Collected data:
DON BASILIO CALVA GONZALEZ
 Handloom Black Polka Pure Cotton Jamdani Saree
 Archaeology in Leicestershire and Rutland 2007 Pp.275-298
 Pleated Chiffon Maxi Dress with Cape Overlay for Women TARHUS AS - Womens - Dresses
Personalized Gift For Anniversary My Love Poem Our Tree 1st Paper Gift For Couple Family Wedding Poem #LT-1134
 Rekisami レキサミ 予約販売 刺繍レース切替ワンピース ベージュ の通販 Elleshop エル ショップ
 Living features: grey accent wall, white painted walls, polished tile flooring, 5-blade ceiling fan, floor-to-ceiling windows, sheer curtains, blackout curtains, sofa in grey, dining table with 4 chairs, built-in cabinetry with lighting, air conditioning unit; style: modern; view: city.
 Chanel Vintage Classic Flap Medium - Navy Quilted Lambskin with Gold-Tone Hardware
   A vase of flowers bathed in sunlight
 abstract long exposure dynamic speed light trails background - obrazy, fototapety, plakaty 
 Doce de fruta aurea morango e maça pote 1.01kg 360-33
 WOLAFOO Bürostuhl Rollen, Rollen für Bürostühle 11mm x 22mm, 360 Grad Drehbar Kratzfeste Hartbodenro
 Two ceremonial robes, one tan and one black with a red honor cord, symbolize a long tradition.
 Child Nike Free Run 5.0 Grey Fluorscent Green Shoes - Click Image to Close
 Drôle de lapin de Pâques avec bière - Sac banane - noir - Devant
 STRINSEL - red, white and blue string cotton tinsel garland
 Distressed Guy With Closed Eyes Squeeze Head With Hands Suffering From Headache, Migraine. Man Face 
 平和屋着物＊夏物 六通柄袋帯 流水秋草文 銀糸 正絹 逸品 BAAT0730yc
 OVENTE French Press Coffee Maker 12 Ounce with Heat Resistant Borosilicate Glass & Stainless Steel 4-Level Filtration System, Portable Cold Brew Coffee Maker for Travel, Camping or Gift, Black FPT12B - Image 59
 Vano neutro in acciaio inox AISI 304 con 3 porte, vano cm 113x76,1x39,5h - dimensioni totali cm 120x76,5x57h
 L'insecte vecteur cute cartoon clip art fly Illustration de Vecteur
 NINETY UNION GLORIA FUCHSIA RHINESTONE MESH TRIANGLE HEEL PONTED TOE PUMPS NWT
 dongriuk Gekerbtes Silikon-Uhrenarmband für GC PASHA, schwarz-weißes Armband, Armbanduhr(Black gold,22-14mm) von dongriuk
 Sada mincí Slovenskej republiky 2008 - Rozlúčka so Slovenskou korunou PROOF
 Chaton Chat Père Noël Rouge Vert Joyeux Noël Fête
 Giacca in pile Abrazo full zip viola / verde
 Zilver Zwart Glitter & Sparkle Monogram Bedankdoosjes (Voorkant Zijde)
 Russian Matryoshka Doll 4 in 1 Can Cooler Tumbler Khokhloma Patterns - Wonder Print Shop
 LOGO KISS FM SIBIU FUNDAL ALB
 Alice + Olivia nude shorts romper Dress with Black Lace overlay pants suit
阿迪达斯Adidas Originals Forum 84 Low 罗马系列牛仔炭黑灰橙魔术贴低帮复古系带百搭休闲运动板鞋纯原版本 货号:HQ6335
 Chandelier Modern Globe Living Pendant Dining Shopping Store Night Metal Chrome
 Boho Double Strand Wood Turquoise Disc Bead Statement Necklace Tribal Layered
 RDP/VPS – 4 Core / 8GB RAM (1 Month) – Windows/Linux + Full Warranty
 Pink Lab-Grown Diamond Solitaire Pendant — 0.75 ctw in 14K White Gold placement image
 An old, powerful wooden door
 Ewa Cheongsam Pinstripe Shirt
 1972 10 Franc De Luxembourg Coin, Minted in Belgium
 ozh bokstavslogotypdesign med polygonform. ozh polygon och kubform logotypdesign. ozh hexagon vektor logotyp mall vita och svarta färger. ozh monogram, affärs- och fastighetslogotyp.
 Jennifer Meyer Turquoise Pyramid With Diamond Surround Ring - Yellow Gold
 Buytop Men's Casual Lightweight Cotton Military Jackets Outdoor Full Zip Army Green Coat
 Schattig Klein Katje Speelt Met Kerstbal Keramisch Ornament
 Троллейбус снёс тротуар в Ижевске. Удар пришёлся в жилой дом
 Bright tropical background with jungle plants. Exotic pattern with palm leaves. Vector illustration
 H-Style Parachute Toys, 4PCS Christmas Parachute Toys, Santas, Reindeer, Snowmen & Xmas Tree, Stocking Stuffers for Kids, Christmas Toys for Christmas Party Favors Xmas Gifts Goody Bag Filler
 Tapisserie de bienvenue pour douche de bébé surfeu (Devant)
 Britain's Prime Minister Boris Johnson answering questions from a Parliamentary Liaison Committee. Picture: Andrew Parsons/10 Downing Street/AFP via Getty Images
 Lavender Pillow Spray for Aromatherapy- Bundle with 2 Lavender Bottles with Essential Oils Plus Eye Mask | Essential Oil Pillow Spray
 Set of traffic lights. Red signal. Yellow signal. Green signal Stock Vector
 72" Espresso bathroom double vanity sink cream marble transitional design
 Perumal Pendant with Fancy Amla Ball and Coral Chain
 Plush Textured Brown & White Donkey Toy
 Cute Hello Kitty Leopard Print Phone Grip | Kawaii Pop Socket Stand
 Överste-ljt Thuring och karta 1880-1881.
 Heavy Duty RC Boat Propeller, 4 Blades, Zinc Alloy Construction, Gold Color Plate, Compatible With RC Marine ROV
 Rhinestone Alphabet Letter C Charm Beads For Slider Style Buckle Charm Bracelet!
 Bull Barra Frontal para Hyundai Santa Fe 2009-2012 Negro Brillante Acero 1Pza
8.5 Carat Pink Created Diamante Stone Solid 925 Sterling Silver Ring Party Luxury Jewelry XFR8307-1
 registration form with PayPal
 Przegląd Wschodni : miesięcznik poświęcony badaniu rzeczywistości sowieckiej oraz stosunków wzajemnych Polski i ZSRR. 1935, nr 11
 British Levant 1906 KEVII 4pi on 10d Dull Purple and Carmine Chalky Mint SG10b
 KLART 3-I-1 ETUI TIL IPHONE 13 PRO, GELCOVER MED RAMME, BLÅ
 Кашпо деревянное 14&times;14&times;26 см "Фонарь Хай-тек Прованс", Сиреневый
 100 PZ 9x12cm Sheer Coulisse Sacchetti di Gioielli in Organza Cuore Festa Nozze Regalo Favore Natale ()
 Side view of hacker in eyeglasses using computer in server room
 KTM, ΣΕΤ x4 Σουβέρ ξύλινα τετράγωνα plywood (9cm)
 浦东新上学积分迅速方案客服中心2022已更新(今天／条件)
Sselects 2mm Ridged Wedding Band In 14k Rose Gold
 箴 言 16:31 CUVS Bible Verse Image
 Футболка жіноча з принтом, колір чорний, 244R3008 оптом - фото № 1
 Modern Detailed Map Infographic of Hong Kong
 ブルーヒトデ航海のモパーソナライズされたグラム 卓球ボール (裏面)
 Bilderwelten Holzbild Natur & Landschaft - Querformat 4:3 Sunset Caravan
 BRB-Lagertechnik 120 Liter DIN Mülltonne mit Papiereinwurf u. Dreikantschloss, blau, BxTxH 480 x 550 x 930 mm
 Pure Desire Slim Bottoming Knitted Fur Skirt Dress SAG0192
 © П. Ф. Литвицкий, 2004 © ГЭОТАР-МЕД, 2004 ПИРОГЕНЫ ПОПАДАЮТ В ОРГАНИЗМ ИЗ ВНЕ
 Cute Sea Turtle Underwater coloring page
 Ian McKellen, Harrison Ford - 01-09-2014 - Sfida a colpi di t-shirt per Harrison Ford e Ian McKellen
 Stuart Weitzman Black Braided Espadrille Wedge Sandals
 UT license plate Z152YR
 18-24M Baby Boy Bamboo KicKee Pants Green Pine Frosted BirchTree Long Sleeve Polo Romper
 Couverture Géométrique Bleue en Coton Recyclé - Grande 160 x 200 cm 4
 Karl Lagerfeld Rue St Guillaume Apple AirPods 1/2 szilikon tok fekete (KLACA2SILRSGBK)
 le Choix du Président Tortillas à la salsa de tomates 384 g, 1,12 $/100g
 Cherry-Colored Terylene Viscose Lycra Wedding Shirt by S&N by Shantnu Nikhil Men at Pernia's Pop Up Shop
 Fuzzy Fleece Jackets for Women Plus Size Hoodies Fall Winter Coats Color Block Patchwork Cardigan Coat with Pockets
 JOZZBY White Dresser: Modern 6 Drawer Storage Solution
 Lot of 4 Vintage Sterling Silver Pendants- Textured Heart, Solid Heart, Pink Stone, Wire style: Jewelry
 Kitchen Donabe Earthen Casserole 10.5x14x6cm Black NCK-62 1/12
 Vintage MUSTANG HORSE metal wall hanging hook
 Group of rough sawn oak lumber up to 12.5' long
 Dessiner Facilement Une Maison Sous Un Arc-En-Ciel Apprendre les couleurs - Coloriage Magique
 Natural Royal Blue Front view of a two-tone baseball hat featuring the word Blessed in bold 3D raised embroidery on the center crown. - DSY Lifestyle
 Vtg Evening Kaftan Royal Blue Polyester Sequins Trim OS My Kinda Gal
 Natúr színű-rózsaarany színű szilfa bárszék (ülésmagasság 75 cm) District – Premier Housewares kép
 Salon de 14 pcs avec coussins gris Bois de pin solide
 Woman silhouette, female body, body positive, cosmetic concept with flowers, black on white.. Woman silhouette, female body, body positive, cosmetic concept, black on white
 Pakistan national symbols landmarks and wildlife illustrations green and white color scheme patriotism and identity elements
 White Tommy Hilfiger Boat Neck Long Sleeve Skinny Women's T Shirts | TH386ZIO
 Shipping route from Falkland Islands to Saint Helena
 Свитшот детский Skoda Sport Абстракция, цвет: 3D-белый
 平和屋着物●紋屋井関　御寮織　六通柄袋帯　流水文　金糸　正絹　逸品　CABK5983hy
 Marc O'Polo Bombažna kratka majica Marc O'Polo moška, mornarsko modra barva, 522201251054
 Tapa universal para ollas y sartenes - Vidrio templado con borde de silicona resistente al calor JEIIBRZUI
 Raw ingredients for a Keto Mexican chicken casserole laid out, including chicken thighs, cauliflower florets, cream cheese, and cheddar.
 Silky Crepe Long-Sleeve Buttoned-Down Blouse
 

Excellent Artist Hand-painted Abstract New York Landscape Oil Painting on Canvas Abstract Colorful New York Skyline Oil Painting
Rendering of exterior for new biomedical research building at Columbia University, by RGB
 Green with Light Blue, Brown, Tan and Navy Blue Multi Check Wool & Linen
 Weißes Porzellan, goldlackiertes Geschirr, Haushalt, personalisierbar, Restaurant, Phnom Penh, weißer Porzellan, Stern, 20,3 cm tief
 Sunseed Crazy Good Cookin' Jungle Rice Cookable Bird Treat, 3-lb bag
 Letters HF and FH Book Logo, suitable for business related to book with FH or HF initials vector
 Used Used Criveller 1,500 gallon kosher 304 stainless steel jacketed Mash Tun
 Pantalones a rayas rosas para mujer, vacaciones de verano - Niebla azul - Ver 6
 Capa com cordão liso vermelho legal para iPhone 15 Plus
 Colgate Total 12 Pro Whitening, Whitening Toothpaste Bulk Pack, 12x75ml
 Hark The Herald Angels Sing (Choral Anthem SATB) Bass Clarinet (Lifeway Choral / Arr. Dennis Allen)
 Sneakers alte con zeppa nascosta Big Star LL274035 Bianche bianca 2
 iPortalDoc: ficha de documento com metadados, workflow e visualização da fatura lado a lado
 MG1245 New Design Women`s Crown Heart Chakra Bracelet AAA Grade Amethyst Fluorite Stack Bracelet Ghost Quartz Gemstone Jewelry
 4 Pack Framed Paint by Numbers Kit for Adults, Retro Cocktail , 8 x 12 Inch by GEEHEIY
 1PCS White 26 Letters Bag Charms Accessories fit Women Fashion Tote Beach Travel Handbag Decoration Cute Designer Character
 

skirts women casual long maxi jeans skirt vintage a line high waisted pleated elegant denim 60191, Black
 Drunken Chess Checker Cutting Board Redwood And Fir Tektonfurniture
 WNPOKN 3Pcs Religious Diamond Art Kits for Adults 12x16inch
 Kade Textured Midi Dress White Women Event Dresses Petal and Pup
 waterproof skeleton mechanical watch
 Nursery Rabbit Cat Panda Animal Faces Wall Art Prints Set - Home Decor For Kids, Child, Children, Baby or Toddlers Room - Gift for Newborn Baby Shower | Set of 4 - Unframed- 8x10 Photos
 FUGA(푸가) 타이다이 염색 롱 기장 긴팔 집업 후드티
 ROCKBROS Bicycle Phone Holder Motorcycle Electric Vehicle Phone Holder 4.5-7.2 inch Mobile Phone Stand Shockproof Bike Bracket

_Action item_
Having output the line that contains "Giacca in pile Abrazo full zip viola / verde", stop. Every line before it, back to the first line of the data, must be reproduced exactly.

_Solution for this exercise_
DON BASILIO CALVA GONZALEZ
 Handloom Black Polka Pure Cotton Jamdani Saree
 Archaeology in Leicestershire and Rutland 2007 Pp.275-298
 Pleated Chiffon Maxi Dress with Cape Overlay for Women TARHUS AS - Womens - Dresses
Personalized Gift For Anniversary My Love Poem Our Tree 1st Paper Gift For Couple Family Wedding Poem #LT-1134
 Rekisami レキサミ 予約販売 刺繍レース切替ワンピース ベージュ の通販 Elleshop エル ショップ
 Living features: grey accent wall, white painted walls, polished tile flooring, 5-blade ceiling fan, floor-to-ceiling windows, sheer curtains, blackout curtains, sofa in grey, dining table with 4 chairs, built-in cabinetry with lighting, air conditioning unit; style: modern; view: city.
 Chanel Vintage Classic Flap Medium - Navy Quilted Lambskin with Gold-Tone Hardware
   A vase of flowers bathed in sunlight
 abstract long exposure dynamic speed light trails background - obrazy, fototapety, plakaty 
 Doce de fruta aurea morango e maça pote 1.01kg 360-33
 WOLAFOO Bürostuhl Rollen, Rollen für Bürostühle 11mm x 22mm, 360 Grad Drehbar Kratzfeste Hartbodenro
 Two ceremonial robes, one tan and one black with a red honor cord, symbolize a long tradition.
 Child Nike Free Run 5.0 Grey Fluorscent Green Shoes - Click Image to Close
 Drôle de lapin de Pâques avec bière - Sac banane - noir - Devant
 STRINSEL - red, white and blue string cotton tinsel garland
 Distressed Guy With Closed Eyes Squeeze Head With Hands Suffering From Headache, Migraine. Man Face 
 平和屋着物＊夏物 六通柄袋帯 流水秋草文 銀糸 正絹 逸品 BAAT0730yc
 OVENTE French Press Coffee Maker 12 Ounce with Heat Resistant Borosilicate Glass & Stainless Steel 4-Level Filtration System, Portable Cold Brew Coffee Maker for Travel, Camping or Gift, Black FPT12B - Image 59
 Vano neutro in acciaio inox AISI 304 con 3 porte, vano cm 113x76,1x39,5h - dimensioni totali cm 120x76,5x57h
 L'insecte vecteur cute cartoon clip art fly Illustration de Vecteur
 NINETY UNION GLORIA FUCHSIA RHINESTONE MESH TRIANGLE HEEL PONTED TOE PUMPS NWT
 dongriuk Gekerbtes Silikon-Uhrenarmband für GC PASHA, schwarz-weißes Armband, Armbanduhr(Black gold,22-14mm) von dongriuk
 Sada mincí Slovenskej republiky 2008 - Rozlúčka so Slovenskou korunou PROOF
 Chaton Chat Père Noël Rouge Vert Joyeux Noël Fête
 Giacca in pile Abrazo full zip viola / verde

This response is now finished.